Japanese technology giant SoftBank celebrated the world's second-biggest IPO for its mobile unit Wednesday but the newly traded shares endured a torrid time in their debut session, plunging nearly 15 percent.
A spokesman for the firm confirmed it had raised around 2.65 trillion yen ($23.5 billion) via the unit's IPO, making it Japan's largest and the biggest globally since Alibaba went public in 2014.
But at the opening bell, the stock was already trading at 1,463 yen, significantly under the initial offer price of 1,500 yen per share, and headed lower from there.
The firm finished at 1,282 yen, down 14.5 percent from the IPO price with heavy selling into the close.
Ken Miyauchi, CEO of the SoftBank Corp mobile division, acknowledged it was "unfortunate that the share price ended down".
"But this is only the begining. Many things will happen.

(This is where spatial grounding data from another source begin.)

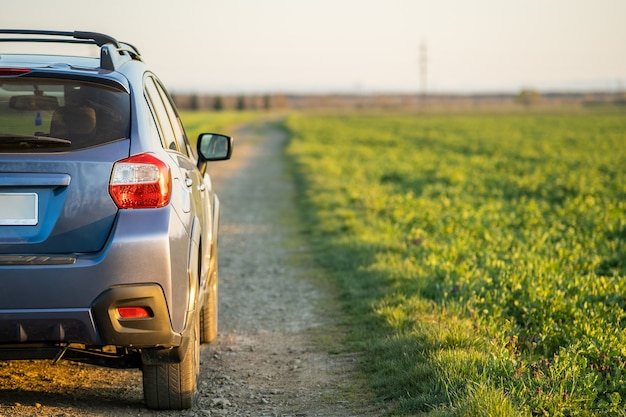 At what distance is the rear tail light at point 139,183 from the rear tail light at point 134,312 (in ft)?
1.58

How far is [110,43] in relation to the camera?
4652 mm

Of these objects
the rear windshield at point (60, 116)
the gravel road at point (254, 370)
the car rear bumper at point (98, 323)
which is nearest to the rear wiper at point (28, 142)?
the rear windshield at point (60, 116)

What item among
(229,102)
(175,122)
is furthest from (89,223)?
(229,102)

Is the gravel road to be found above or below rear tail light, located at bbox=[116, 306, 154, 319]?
below

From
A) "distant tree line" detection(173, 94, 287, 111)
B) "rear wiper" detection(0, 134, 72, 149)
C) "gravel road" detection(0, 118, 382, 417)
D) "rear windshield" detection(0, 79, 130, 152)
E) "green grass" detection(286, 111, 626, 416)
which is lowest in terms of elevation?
"gravel road" detection(0, 118, 382, 417)

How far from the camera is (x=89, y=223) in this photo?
382cm

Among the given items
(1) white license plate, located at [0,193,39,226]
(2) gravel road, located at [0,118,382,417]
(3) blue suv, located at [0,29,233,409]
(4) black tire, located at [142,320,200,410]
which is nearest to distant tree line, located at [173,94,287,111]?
(2) gravel road, located at [0,118,382,417]

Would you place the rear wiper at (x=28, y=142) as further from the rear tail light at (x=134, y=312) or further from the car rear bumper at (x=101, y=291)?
the rear tail light at (x=134, y=312)

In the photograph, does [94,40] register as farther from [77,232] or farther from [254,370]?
[254,370]

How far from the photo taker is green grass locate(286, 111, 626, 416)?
454 centimetres

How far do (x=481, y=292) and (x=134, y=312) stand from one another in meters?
3.78

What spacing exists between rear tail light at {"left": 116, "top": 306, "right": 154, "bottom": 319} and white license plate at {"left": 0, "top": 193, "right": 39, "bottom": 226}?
1.87 ft

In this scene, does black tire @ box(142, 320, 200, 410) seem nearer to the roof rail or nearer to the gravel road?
the gravel road

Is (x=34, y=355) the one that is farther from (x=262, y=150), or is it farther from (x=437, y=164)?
(x=262, y=150) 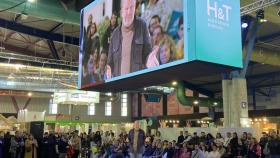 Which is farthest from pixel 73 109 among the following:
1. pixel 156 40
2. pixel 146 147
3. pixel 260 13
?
pixel 156 40

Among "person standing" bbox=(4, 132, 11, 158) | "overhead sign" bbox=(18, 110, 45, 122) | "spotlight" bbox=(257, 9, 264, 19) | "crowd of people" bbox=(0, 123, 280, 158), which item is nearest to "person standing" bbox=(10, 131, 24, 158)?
"crowd of people" bbox=(0, 123, 280, 158)

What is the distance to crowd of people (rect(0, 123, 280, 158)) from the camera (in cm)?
1071

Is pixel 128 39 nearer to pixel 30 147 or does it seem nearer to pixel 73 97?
pixel 30 147

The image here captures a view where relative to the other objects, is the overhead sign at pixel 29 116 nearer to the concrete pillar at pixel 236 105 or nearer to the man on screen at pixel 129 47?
the concrete pillar at pixel 236 105

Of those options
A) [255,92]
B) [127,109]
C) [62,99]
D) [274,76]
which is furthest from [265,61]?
[127,109]

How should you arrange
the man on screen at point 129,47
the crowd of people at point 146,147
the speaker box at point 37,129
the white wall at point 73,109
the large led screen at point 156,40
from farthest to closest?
the white wall at point 73,109 < the speaker box at point 37,129 < the crowd of people at point 146,147 < the man on screen at point 129,47 < the large led screen at point 156,40

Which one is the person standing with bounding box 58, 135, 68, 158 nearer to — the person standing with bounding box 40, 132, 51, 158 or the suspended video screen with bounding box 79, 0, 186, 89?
the person standing with bounding box 40, 132, 51, 158

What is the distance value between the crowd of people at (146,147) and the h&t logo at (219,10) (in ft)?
17.6

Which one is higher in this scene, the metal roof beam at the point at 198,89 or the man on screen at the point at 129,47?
the metal roof beam at the point at 198,89

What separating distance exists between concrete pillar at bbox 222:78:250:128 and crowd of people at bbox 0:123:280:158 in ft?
5.04

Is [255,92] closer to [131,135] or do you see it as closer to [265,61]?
[265,61]

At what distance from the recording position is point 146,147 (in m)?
12.7

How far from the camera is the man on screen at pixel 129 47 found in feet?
17.9

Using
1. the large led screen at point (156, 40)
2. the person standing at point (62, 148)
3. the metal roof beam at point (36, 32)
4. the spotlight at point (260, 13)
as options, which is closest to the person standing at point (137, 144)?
the large led screen at point (156, 40) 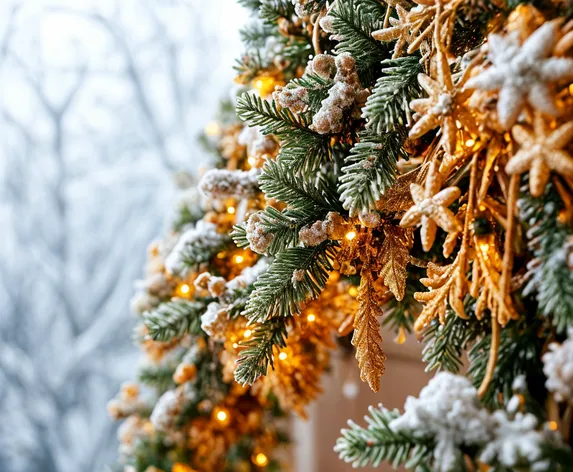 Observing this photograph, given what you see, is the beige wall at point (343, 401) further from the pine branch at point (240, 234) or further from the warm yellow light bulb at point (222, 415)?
the pine branch at point (240, 234)

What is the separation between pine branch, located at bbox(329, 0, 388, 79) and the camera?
1.47 feet

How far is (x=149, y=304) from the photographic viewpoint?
80 centimetres

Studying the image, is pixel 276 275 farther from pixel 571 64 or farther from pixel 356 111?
pixel 571 64

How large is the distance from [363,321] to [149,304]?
43 cm

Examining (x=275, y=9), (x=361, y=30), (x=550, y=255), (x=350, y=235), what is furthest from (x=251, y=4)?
(x=550, y=255)

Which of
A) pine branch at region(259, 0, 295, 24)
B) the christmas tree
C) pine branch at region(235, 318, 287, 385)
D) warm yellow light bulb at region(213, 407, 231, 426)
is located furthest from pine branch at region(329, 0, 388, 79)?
warm yellow light bulb at region(213, 407, 231, 426)

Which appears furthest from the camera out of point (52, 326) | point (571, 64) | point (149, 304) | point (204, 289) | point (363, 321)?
point (52, 326)

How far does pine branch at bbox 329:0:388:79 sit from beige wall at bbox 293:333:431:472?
0.61 metres

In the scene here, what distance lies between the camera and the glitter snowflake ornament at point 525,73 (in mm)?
303

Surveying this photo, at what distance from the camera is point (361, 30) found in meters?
0.45

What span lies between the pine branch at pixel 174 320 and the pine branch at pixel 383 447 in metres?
0.27

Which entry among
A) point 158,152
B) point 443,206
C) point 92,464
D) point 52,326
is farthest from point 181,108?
point 443,206

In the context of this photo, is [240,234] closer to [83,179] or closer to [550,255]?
[550,255]

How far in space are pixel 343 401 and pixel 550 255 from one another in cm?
89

We are off to a tough start of our journey... but I see this as a new start for our business," Miyauchi told reporters.
Analysts said the IPO had not come at a particularly good time for SoftBank Corp, as global markets have been suffering in recent months and Japanese lawmakers are taking aim at what they see as mobile operators' overly high prices.
The benchmark Nikkei 225 index slipped 0.6 percent while the broader Topix index was down 0.4 percent.

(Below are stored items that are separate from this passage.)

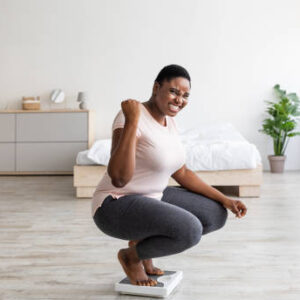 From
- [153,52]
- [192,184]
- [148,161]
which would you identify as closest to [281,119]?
[153,52]

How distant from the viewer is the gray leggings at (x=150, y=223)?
6.00 feet

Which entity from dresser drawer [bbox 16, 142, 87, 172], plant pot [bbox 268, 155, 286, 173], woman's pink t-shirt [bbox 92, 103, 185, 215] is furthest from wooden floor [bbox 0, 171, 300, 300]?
plant pot [bbox 268, 155, 286, 173]

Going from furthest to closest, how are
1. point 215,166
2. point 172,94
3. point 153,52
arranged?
point 153,52, point 215,166, point 172,94

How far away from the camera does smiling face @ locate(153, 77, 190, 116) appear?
196 centimetres

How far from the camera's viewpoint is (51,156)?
6086 mm

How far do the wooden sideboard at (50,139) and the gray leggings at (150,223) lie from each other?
422 cm

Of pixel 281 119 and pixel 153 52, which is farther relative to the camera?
pixel 153 52

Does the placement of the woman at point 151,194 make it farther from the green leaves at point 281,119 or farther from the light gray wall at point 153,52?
the light gray wall at point 153,52

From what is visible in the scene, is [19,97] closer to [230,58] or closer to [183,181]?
[230,58]

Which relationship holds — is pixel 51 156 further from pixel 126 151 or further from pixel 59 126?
pixel 126 151

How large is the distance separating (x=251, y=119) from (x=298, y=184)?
157 centimetres

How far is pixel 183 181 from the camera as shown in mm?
2160

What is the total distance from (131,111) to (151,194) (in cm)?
38

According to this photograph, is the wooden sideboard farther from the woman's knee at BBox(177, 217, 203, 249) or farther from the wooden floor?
the woman's knee at BBox(177, 217, 203, 249) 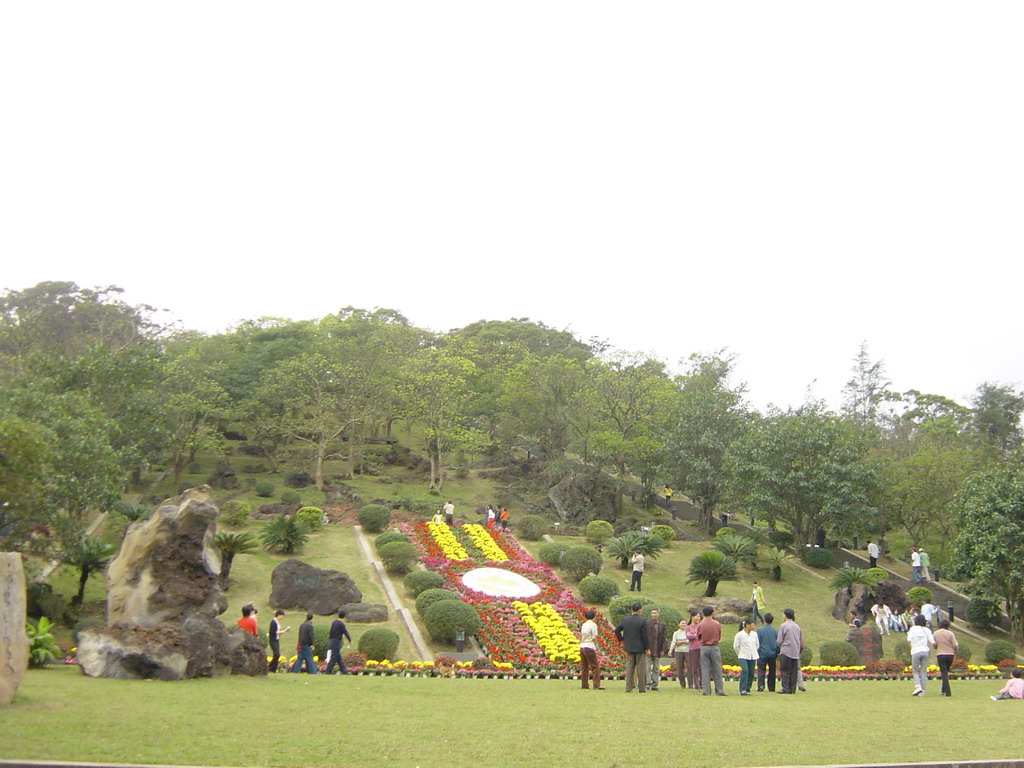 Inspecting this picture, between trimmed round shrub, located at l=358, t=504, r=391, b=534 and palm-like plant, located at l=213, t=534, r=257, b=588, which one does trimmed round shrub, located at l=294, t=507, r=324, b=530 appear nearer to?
trimmed round shrub, located at l=358, t=504, r=391, b=534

Other market players said tepid demand was not helped by an embarrassing episode earlier this month when a technical glitch left tens of millions of customers of SoftBank and British mobile operator O2 unable to access data.

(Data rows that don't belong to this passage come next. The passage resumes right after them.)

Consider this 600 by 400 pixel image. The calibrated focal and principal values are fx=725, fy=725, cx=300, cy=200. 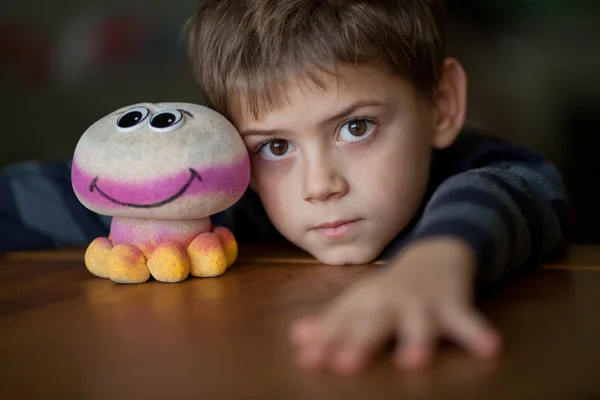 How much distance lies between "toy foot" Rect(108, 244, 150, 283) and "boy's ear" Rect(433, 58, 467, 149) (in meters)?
0.44

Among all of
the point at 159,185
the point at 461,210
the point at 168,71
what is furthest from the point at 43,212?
the point at 168,71

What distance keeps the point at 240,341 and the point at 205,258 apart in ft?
0.84

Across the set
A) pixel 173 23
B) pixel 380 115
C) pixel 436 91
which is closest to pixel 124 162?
pixel 380 115

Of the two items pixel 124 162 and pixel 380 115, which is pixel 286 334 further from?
pixel 380 115

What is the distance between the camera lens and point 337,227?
0.89 meters

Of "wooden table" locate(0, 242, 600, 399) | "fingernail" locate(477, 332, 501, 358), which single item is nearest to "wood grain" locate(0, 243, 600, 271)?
"wooden table" locate(0, 242, 600, 399)

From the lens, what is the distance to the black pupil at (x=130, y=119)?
78 cm

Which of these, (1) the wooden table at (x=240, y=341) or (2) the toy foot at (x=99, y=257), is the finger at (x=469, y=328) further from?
(2) the toy foot at (x=99, y=257)

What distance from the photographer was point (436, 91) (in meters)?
1.00

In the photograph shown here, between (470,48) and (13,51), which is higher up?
Answer: (13,51)

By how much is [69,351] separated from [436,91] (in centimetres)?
63

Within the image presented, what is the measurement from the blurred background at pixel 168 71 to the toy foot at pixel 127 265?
1.36m

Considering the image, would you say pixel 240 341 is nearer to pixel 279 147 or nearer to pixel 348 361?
pixel 348 361

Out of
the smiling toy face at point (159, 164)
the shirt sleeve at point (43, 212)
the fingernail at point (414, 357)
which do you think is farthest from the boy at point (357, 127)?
the shirt sleeve at point (43, 212)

Add to that global security concerns over China's Huawei and "the number of those who wanted to buy the shares was rather small", said Masayuki Toshida, senior market analyst at Rakuten Securities.
"Concerns that SoftBank's investment costs could rise because it would not be able to use Huawei parts is a reason not to buy the shares," said one analyst in Tokyo, who declined to be identified.
SoftBank took more than one-third of its mobile unit public and was able to sell the full offering of 1.76 billion shares at the IPO price of 1,500 yen, beating the previous national records set by NTT in 1987 and its subsidiary NTT Docomo in 1998.
The blockbuster IPO is seen as part of boss Masayoshi Son's strategy of transforming SoftBank from a Japan-based telecom company to a global hi-tech investment firm.
Son has already said the IPO would go towards swelling the coffers of his SoftBank Vision Fund, which is worth an estimated $100 billion and has taken stakes in some of the hottest tech firms, including Uber, Slack, WeWork and Nvidia.
SoftBank and Son have come under the spotlight recently as nearly half the money in the fund comes from Saudi Arabia and the firm maintains close ties with the kingdom.
Those links were highlighted after the murder of journalist Jamal Khashoggi at the Saudi consulate in Istanbul, which sent shares in SoftBank spiralling.
Last month, in eagerly awaited comments on the scandal, Son condemned the killing but said he would continue to do business with Saudi Arabia.
Analysts at ratings agency Standard & Poor's have said the listing "would further underline SoftBank's transition to an investment holding company".
Another agency, Moody's, said the IPO would "enhance transparency" in the parent company's investment portfolio because the mobile unit's "share price and daily market value will be available to the public".
The SoftBank parent company itself has said the listing would give the mobile unit "greater managerial autonomy to develop its own growth strategy".
It has also said the listing would help clarify the roles of the parent company and its mobile unit.
The mobile unit said in a statement alongside the market debut that it expects net profit of 420 billion yen on sales of 3.7 trillion yen for the full year to March 2019.
In the year that ended March, it logged net profit of 400.75 billion yen on sales of 3.58 trillion yen, it said.